** Opening AVAILABLE DATA block **

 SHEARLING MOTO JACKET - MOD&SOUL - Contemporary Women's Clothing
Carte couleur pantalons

** Closing AVAILABLE DATA block **
** Opening AVAILABLE DATA block **

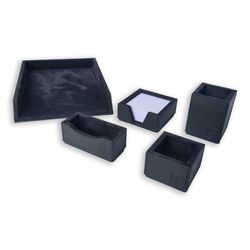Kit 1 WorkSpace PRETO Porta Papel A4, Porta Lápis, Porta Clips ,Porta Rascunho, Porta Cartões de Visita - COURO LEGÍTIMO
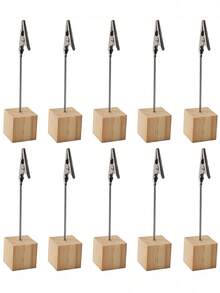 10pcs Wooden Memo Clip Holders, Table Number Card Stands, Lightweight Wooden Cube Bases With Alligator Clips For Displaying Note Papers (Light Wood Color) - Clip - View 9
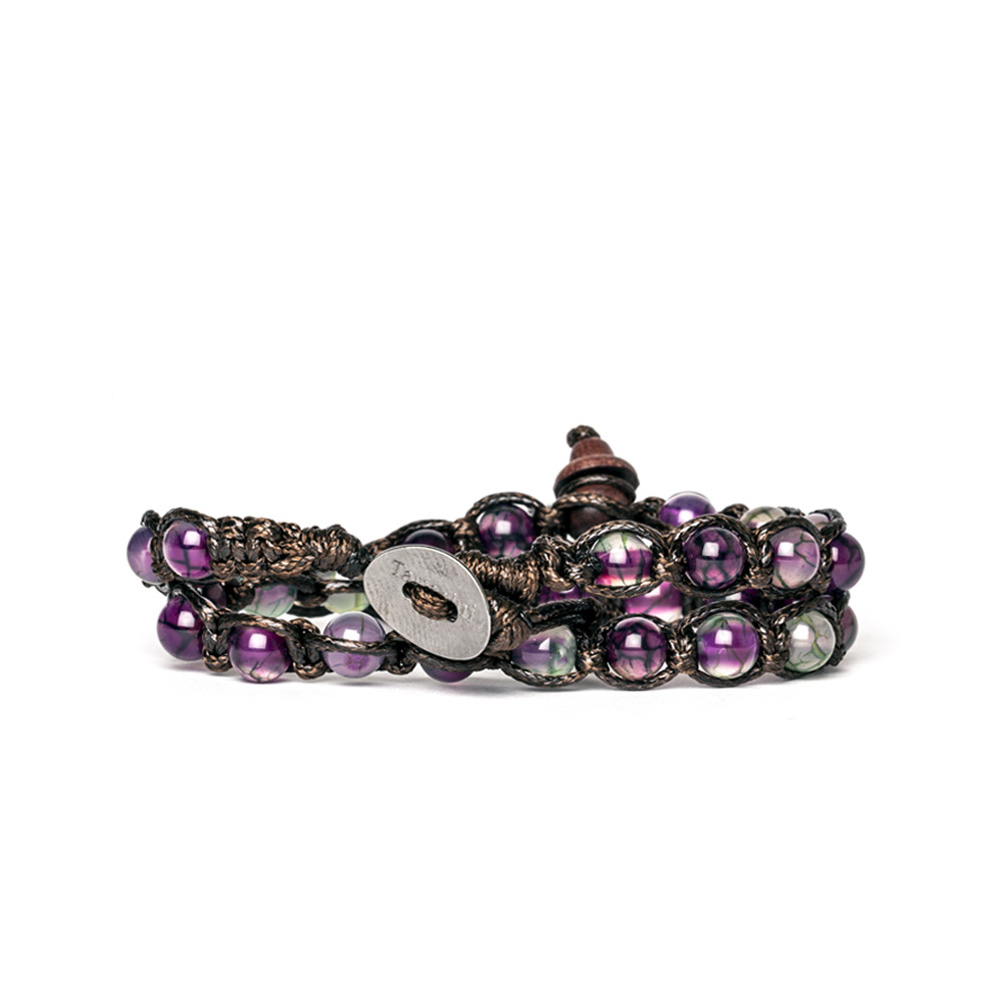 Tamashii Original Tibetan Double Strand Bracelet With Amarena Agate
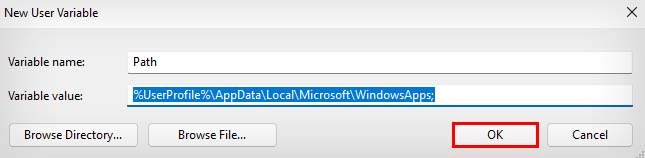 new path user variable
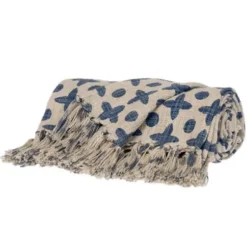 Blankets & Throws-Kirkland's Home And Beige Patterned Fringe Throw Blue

** Closing AVAILABLE DATA block **

Reproduce exactly, and with no other material, the lines between those holding "SHEARLING MOTO JACKET" and "Carte couleur pantalons", inclusive.

### SOLUTION TO THE EXERCISE
 SHEARLING MOTO JACKET - MOD&SOUL - Contemporary Women's Clothing
Carte couleur pantalons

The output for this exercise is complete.